First, link checkpoints using scripts/search_for_checkpoint_thru_validation/link_ckpts_for_val.ipynb to search for best checkpoint on the basis of validation.

Then, run

CUDA_VISIBLE_DEVICES=0 python3 main.py --exp-config audio_separation/config/val/nearTarget.yaml --model-dir runs_val/active/near_target --run-type eval NUM_PROCESSES 1

Search for best checkpoint using scripts/search_for_checkpoint_thru_validation/find_bestCkpt_lowestValSTFTLoss.ipynb.

For unheard sounds, use config/val/nearTarget_unheard.yaml and use the corresponding validation directory.

Testing

First, copy the best checkpoint from the search to runs_test/active/nearTarget.

Then, run

CUDA_VISIBLE_DEVICES=0 python3 main.py --exp-config audio_separation/config/test/nearTarget.yaml --model-dir runs_test/active/near_target --run-type eval NUM_PROCESSES 1

Compute test metric (STFT l2 loss or SI-SDR) values using scripts/separated_audio_quality/compute_separation_qualtiy.ipynb.

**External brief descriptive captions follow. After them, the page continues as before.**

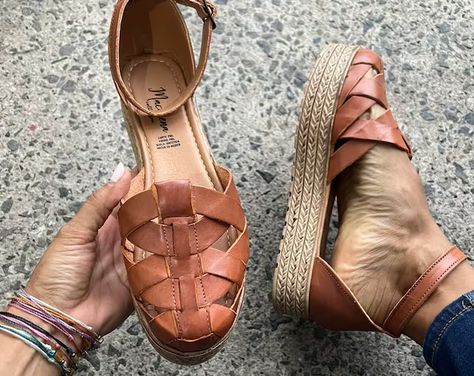 MacarenaCollection - Etsy Summer Dress Shoes Womens, Closed Toed Sandals, Brown Flat Huaraches For Beach, Casual Ankle Strap Huaraches For Beach, Close Toed Sandals, Closed Toe Sandals Summer, Natural Leather Sandals, Hippie Shoes, Mexican Huaraches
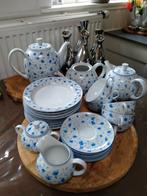 Arzberg ontbijtservies blauwe bloem, Antiek en Kunst, Antiek | Servies compleet, Ophalen of Verzenden
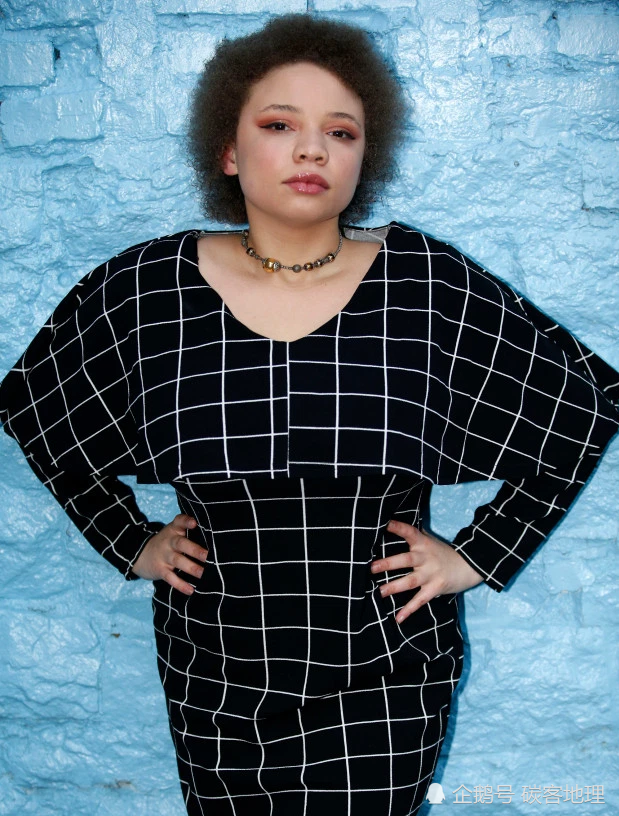 史蒂芬·斯皮尔伯格和他的妻子凯特·卡普肖(kate capshaw)收养的女儿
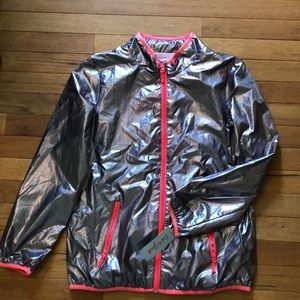 Metallic wind breaker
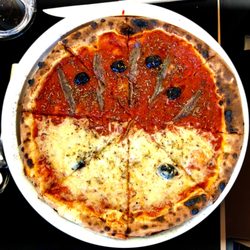 Yachting Club de la Pointe Rouge - Pizza moitié moitié
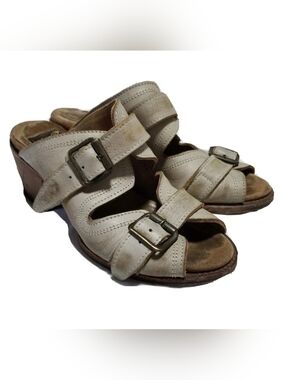 Freebird Caprise Women Size 8 Beige Leather Block Heel Sandals w Buckles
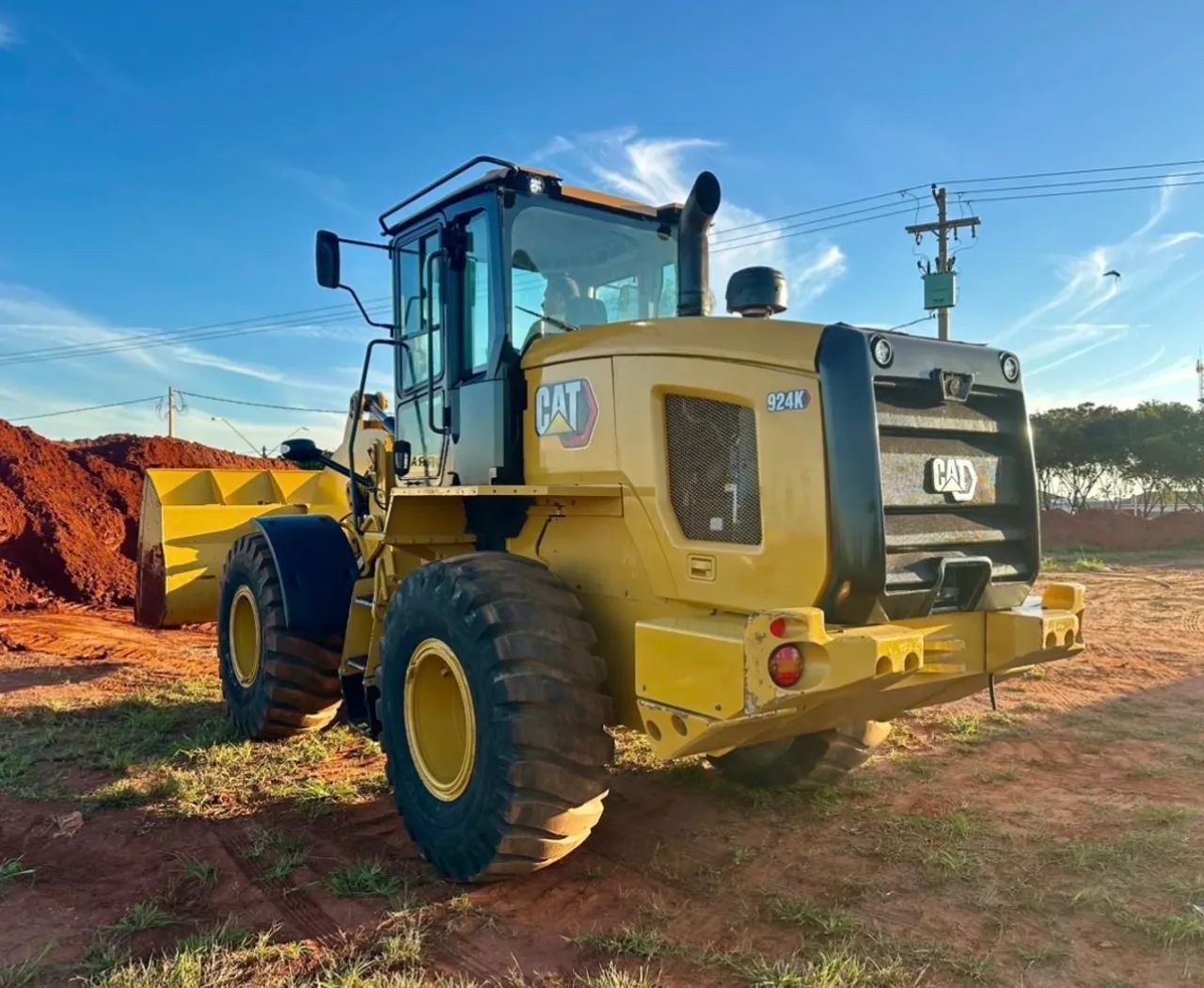 Pá Carregadeira Caterpillar 924K ano 2021, com 10.250 horas, ar condicionado, em SP - Foto 3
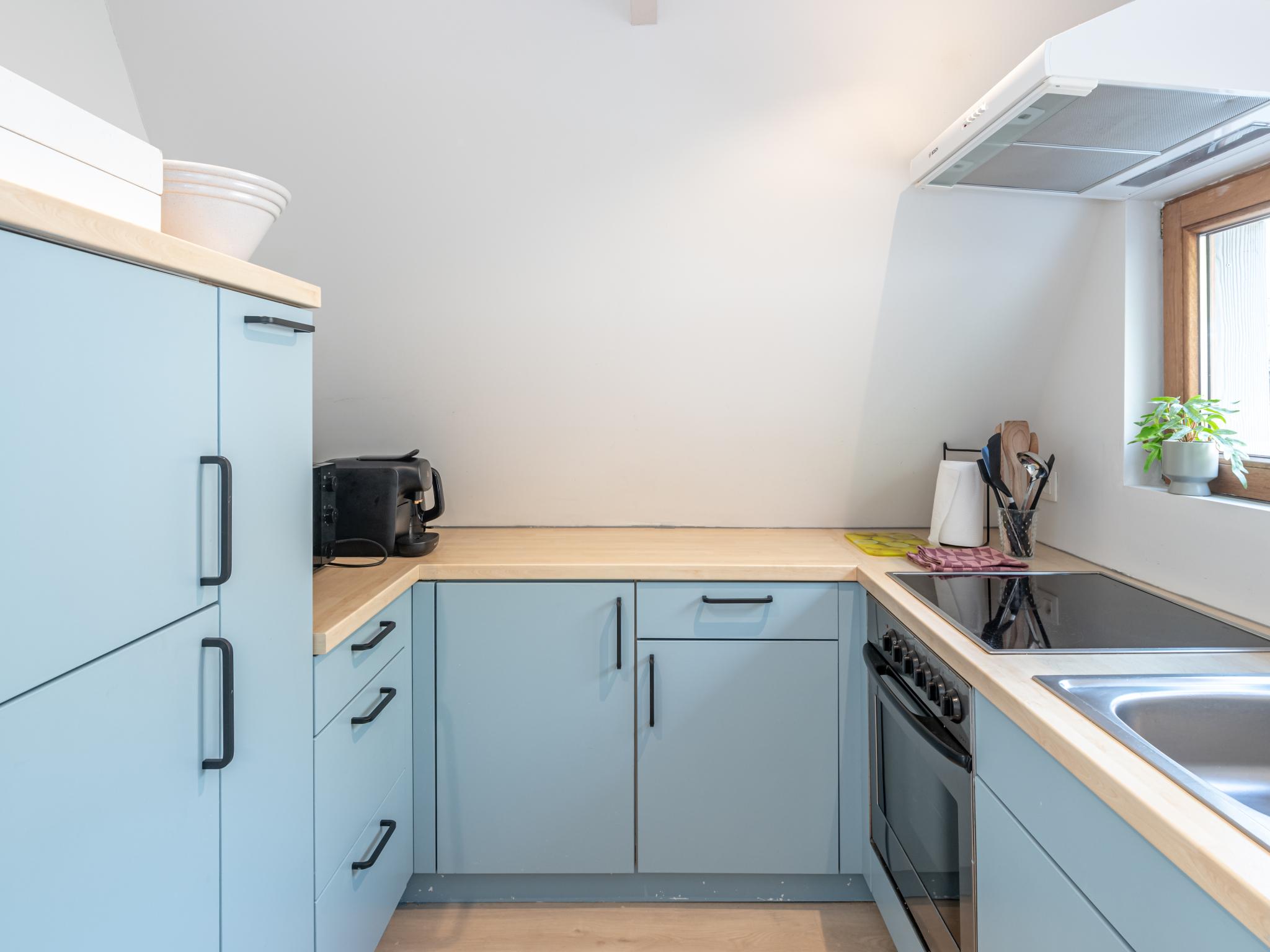 Modern kitchen at Cabane Crevette in Nieuwpoort-Bad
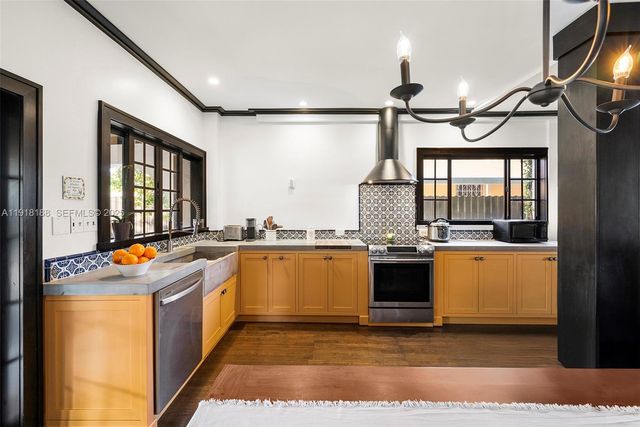 1650 SW 16th St, Miami, FL 33145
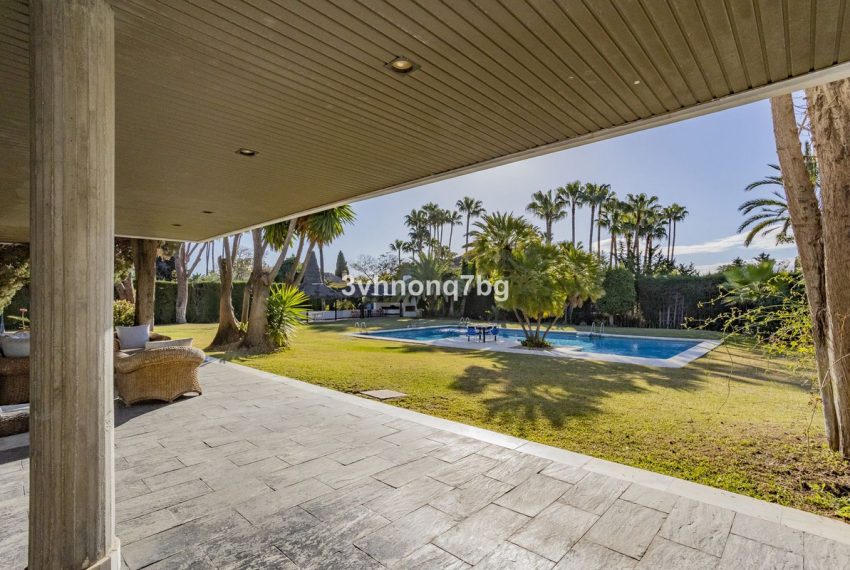 R4631692-Villa-For-Sale-Guadalmina-Baja-Detached-11-Beds-1454-Built-3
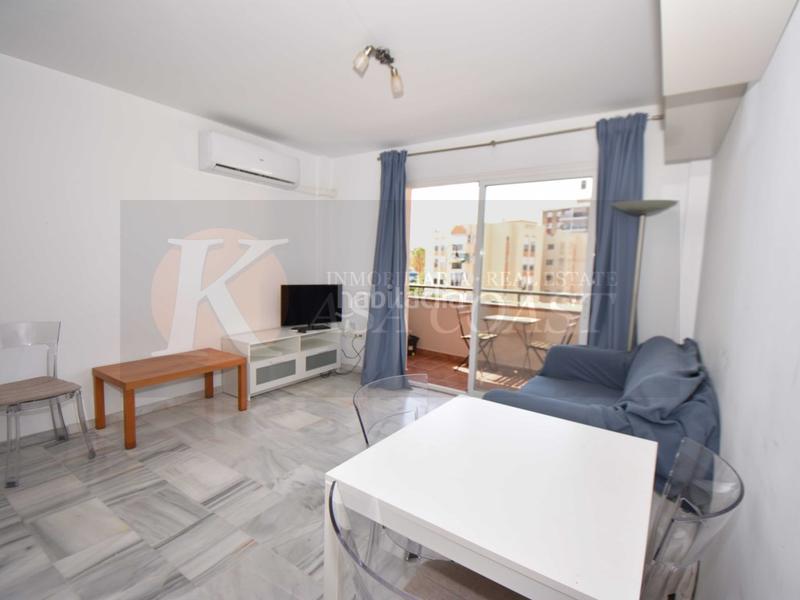 Foto b92a2afd-2155-4b04-a042-7b6b9214ed7d. Piso  en venta en plaza de toros, con licencia turística en Fuengirola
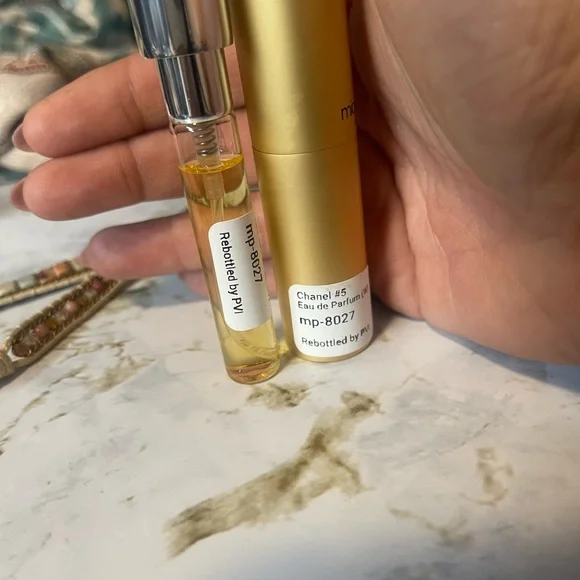 Calabasas Gold Perfume Atomizer Chanel no 5 - Picture 3 of 6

For unheard sounds, use config/test/nearTarget_unheard.yaml, and use the corresponding test directory.

Model checkpoints

Download model checkpoints from this link.

Citation

@inproceedings{majumder2022active,
  title={Active audio-visual separation of dynamic sound sources},
  author={Majumder, Sagnik and Grauman, Kristen},
  booktitle={Computer Vision--ECCV 2022: 17th European Conference, Tel Aviv, Israel, October 23--27, 2022, Proceedings, Part XXXIX},
  pages={551--569},
  year={2022},
  organization={Springer}
}

License

This project is released under the MIT license, as found in the LICENSE file.